Magic Johnson did a lot of things wrong during his brief presidency of the Los Angeles Lakers. One thing he inarguably did right was luring LeBron James to the franchise. While James' motivations in joining the team are still debated today, what isn't is the recruitment process that took place on July 1, 2018. As has been widely reported and spoken about publicly by both parties, Johnson arrived at James' Brentwood home for a one-on-one meeting right as free agency began. Less than 24 hours later, James was a Laker.
But the Lakers don't seem to remember it quite that way. On Friday, the Lakers promoted Rob Pelinka to vice president of basketball operations. Pelinka, formerly Johnson's general manager, now occupies functionally the same role that Johnson had when he was still officially a part of the team's front office. As part of the press release, the Lakers engaged in a suspicious bit of revisionist history.

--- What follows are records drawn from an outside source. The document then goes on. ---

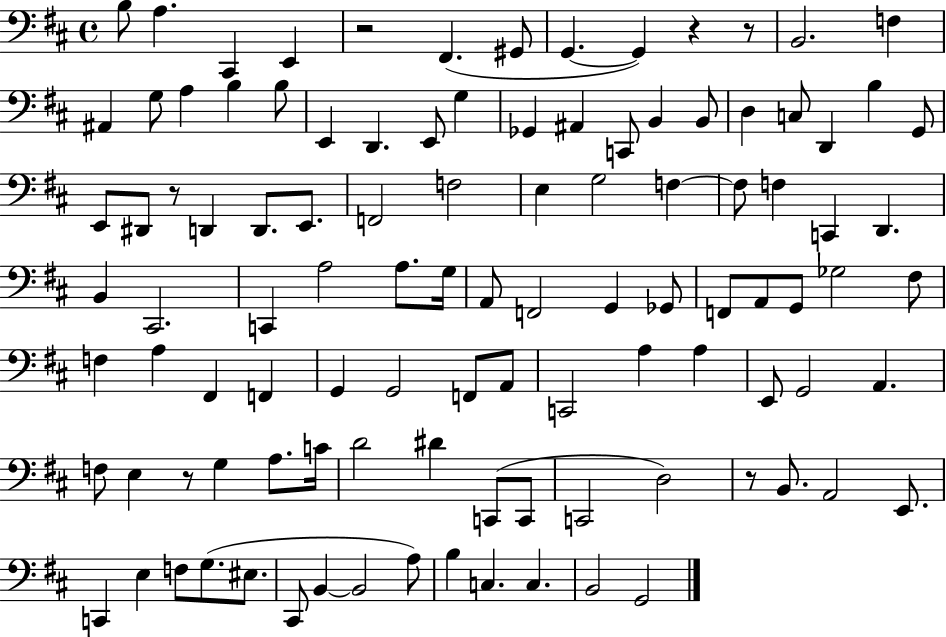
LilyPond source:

{
  \clef bass
  \time 4/4
  \defaultTimeSignature
  \key d \major
  b8 a4. cis,4 e,4 | r2 fis,4.( gis,8 | g,4.~~ g,4) r4 r8 | b,2. f4 | \break ais,4 g8 a4 b4 b8 | e,4 d,4. e,8 g4 | ges,4 ais,4 c,8 b,4 b,8 | d4 c8 d,4 b4 g,8 | \break e,8 dis,8 r8 d,4 d,8. e,8. | f,2 f2 | e4 g2 f4~~ | f8 f4 c,4 d,4. | \break b,4 cis,2. | c,4 a2 a8. g16 | a,8 f,2 g,4 ges,8 | f,8 a,8 g,8 ges2 fis8 | \break f4 a4 fis,4 f,4 | g,4 g,2 f,8 a,8 | c,2 a4 a4 | e,8 g,2 a,4. | \break f8 e4 r8 g4 a8. c'16 | d'2 dis'4 c,8( c,8 | c,2 d2) | r8 b,8. a,2 e,8. | \break c,4 e4 f8 g8.( eis8. | cis,8 b,4~~ b,2 a8) | b4 c4. c4. | b,2 g,2 | \break \bar "|."
}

In listing Pelinka's accomplishments, the press release stated that "during the 2018 offseason, Pelinka made one of the most significant signings in franchise history, with the acquisition of four-time MVP LeBron James."

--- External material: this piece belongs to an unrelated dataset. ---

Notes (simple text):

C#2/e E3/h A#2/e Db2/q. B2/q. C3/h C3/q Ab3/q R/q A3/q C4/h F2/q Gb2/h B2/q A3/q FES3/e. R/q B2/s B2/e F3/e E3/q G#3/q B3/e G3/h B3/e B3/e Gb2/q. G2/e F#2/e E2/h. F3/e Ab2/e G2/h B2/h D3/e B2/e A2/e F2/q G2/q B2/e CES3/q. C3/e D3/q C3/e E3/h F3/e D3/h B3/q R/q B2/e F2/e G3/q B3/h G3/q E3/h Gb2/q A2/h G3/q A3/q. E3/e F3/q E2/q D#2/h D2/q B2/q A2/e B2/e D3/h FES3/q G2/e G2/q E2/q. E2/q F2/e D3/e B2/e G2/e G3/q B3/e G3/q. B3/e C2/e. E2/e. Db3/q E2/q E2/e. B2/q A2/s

That statement, based on everything we know about James' recruitment, is factually untrue. While Pelinka was technically the team's general manager when James signed, Lee Jenkins' account of James' decision to sign with the Lakers for Sports Illustrated makes no mention of even a conversation with Pelinka (though he did speak to Kobe Bryant, whom Pelinka used to represent). While James and Pelinka have almost certainly crossed paths, there is no evidence of a preexisting relationship between them. Johnson, who was the only Lakers employee known to have spoken with James during his free agency, is not mentioned anywhere in the press release.
Johnson and Pelinka did not have a strong relationship while working together in Los Angeles. It was Jeanie Buss' decision to hire Pelinka under Johnson rather than allow him to hire his own general manager, and as Johnson detailed in multiple interviews with Stephen A. Smith, he felt that Pelinka was "backstabbing" him during their time together. Johnson claimed that Pelinka questioned his work ethic and was openly angling for his job.

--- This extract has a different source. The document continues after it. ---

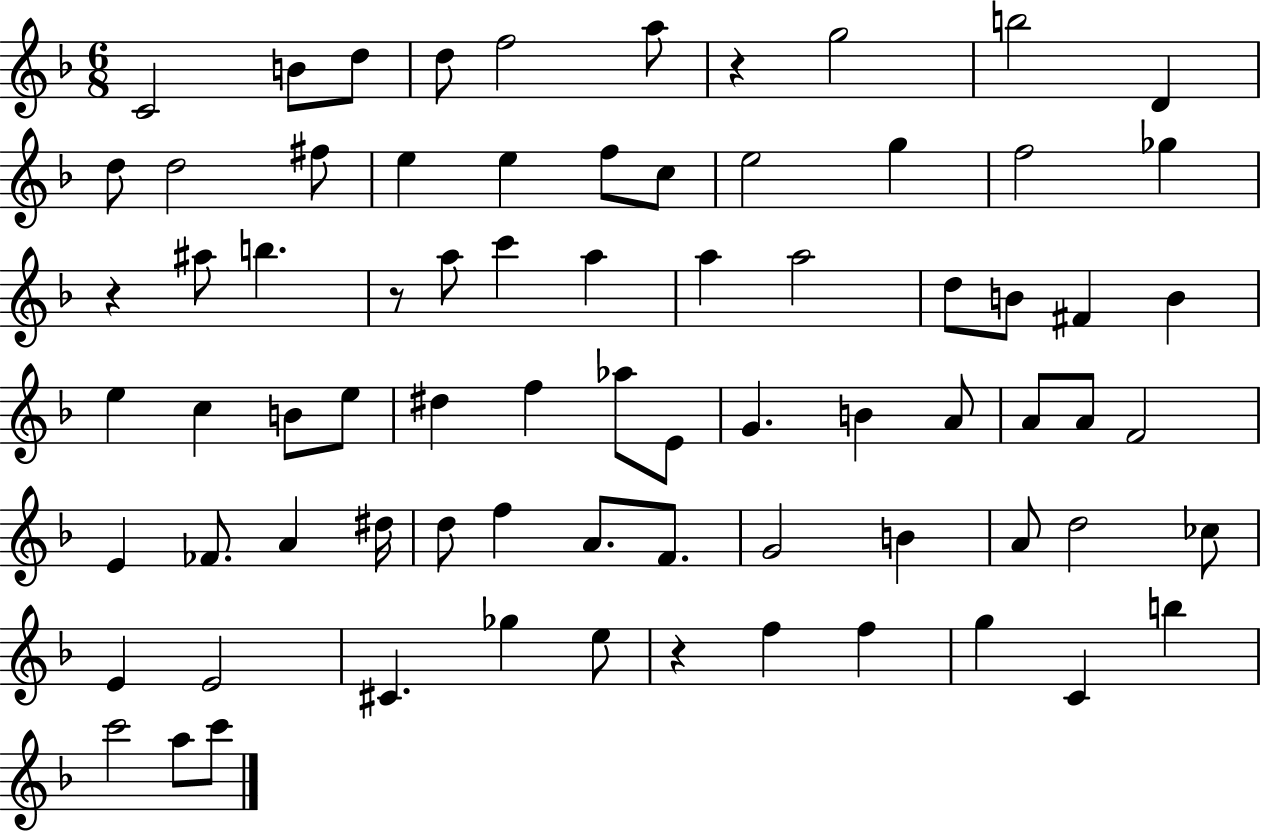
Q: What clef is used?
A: treble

Now Pelinka functionally has it, and the Lakers are acting as though he did all along. While such public relations chicanery might make sense on a typical team, the Lakers rewriting Johnson's greatest achievement as their president is surprising on several levels. Not only is he arguably the greatest player in team history, but he has always been incredibly close to the Buss family. While the end of his presidency was obviously painful and his numerous interviews blaming other team personnel made the offseason more difficult for the team, it's not as though Magic Johnson can be erased from Lakers' history.
That they tried is an extremely telling look into where Johnson stands with the organization right now. While he will always be a beloved team legend, statements like this suggest that Johnson no longer has even an unofficial role within the team hierarchy and that he simply lost his power struggle with Pelinka, Tim Harris and the rest of the still-employed front office.